2020 has been a year for the books, and these uncertain times may have you worried.
Yet, even when life gets difficult or shaky—God is unmoved.
“It’s been an unusual year,” Will Graham recently told visitors at the Billy Graham Training Center at The Cove. “But it’s been one of the greatest years of ministry that we’ve ever seen.
“That’s what God does. He never disappoints. God always has a plan.”
Graham, executive director of The Cove, recently held an in-person and virtual conference on faith, pulling from 1 and 2 Samuel. He’s been studying those books of the Bible in his personal time and with Cove staff for about eight years.
Graham believes these lessons from the life of David speak to the needs of people around the world today:
Lesson 1: Get back to God
“David was a wanted man … a hunted man,” Graham said. “His own father-in-law hates him. … And of all the places, he’s living in the wilderness.
“I can only imagine his faith being shaken.”
Yet, God continued to show up in David’s life. And through the Lord’s faithfulness, David’s own faith was renewed and his heart restored.
When doubt and fear creep in, making this turn back to God is key.
“Sometimes we fail to connect the promises of God with our reality. And when we’re in unstable times, that shakiness in our lives causes us to fail to connect the dots,” Graham said.
“But God is on our side. He fights our battles for us. All the angels, all the hosts of heaven fight our battles for us.”
Lesson 2: Open your eyes to divine appointments
When David was at his lowest, he started to seek revenge. He allowed the actions of those who wronged him to harden his heart.

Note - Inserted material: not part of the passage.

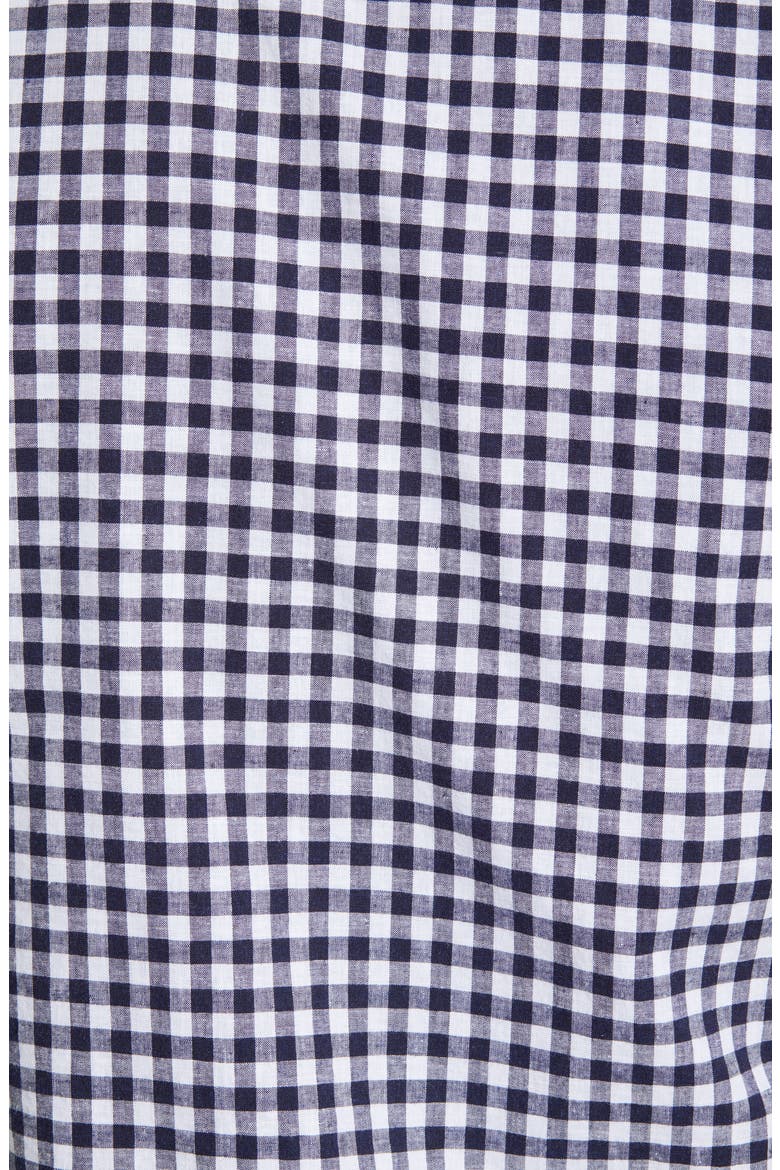 1901 Heather Gingham Linen Blend Slim Fit Sport Shirt, Alternate, color, BLUE ESTATE WHITE GINGHAM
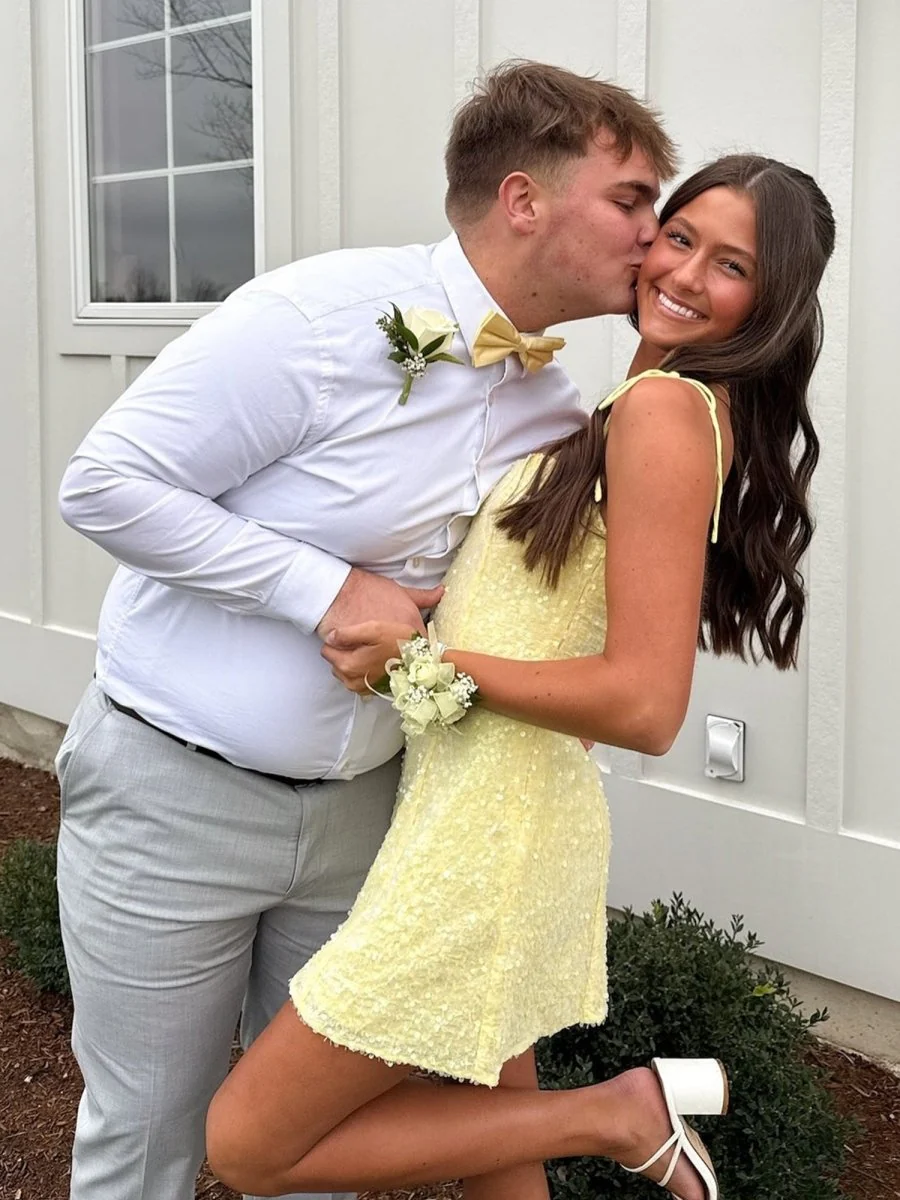 Yellow - Spaghetti Straps A Line Sequins Short Homecoming Dresses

Graham explains: “David put his faith in his sword instead of God. Things had rocked his world. … He didn’t wait on God. He said, ‘God, I’m going to take care of this myself.’”
When situations don’t go the way we expect, it can be easy to respond like David, wanting to take matters into our own hands.
But as Graham put it, God will often send someone to stop us from making “stupid mistakes.” For David, this was Abigail, the wife of his enemy, Nabal. Thankfully, David listened. And it’s a reminder that when God sends wise counsel, it’s best we do the same.
And David said to Abigail, “Blessed be the Lord, the God of Israel, who sent you this day to meet me! Blessed be your discretion, and blessed be you, who have kept me this day from blood guilt and from working salvation with my own hand!” —1 Samuel 25:32-33 (ESV)
Lesson 3: Fear leads to disobedience
Though fear is a natural response in hard times, we can’t allow fear to “run rampant” in our life, Graham warns.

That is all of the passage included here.